Publié le 30/10/2020

Nouvelles technologies, dérégulation, crise sanitaire, autant de facteurs qui bouleversent les professions réglementées. Et si la vraie menace pour leur avenir résidait dans la méfiance que leur voue l’Etat ? C’est en tout cas la conviction qui émerge du  débat sans tabous qu’ont accepté de mener pour Actu-Juridique Louis Degos, avocat à la Cour de Paris, président de la commission prospective du Conseil national des barreaux (CNB) et Jean-Luc Flabeau, expert-comptable et commissaires aux comptes, président d’ECF, candidat à la présidence du Conseil supérieur de l’ordre des experts-comptables (CSOEC). 

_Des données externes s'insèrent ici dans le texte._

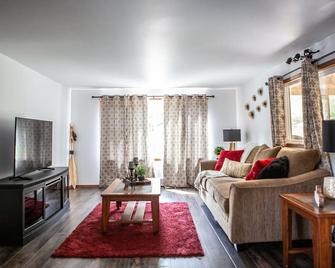 Private river front house calling all families looking for a perfect getaway. - Port Alberni - Living room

Professions réglementées : ce qui menace leur avenir, c'est la méfiance de l'Etat
Photo ©AdobeStock/polkadot

 Actu-Juridique : Depuis quelques années,  les nouvelles technologies révolutionnent tous les secteurs de la vie économique. A votre avis, les professions réglementées sont-elles vouées à disparaitre ou simplement appelées à évoluer ?

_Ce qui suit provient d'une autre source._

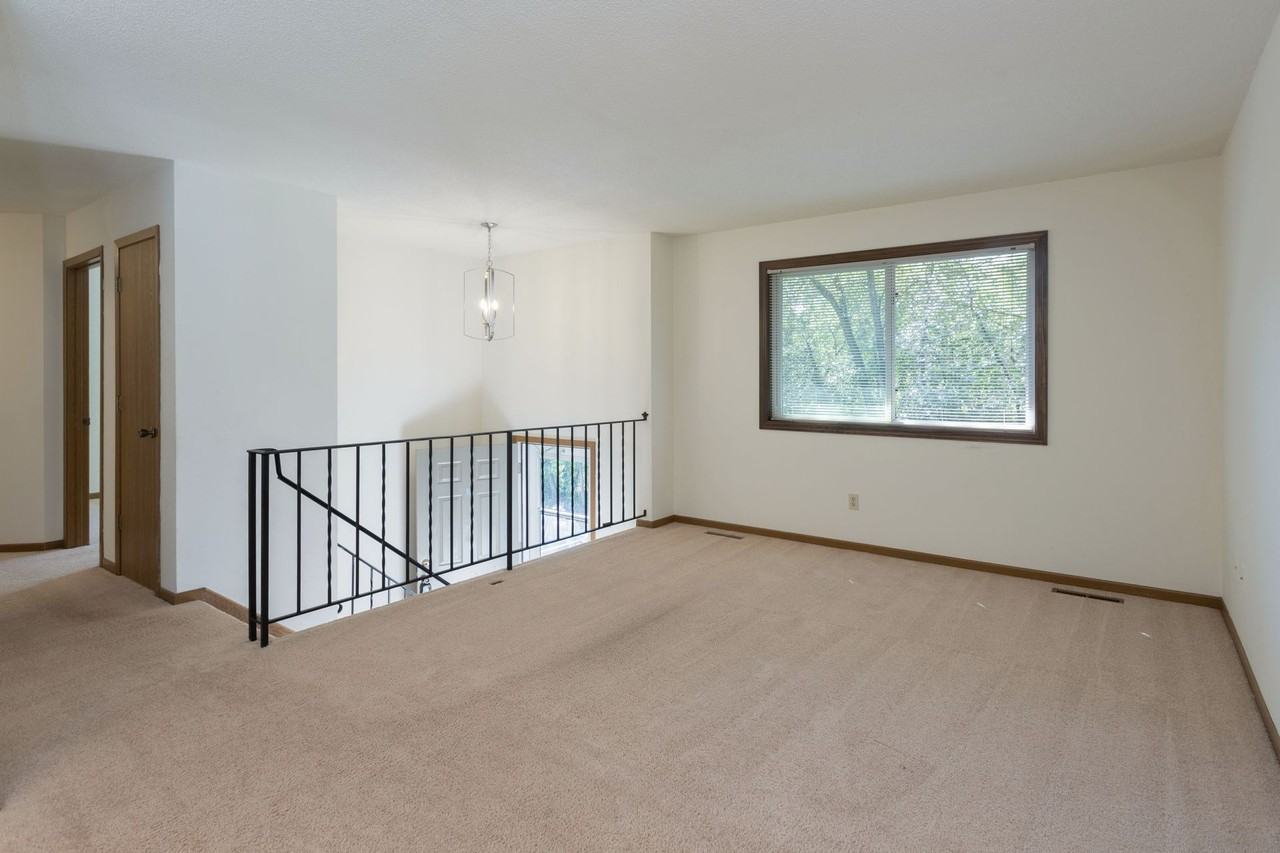 Court Place (Court Place, Judicial) - Photo 2 of 14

 Louis Degos : La question est plus compliquée qu’il n’y parait. La profession d’avocat pense que toutes ces nouvelles technologies la bouleversent, et qu’elle n’a pas forcément les capacités d’investissement pour se mettre à niveau. Elle ressent donc de l’inquiétude. Maintenant si on prend du recul et qu’on regarde ce qu’il s’est passé dans d’autres pays ou d’autres secteurs, je dirais que l’on va vers une nouvelle ère qui n’est pas perçue de la même façon selon les générations. Les jeunes avocats s’emparent de la problématique des legal techs, ils en créent eux-mêmes ; non seulement ils ne sont pas inquiets, mais c’est pour eux un nouveau champ d’activité. A l’inverse, les cabinets installés depuis longtemps, en dehors des plus gros qui innovent en permanence, ressentent de l’inquiétude.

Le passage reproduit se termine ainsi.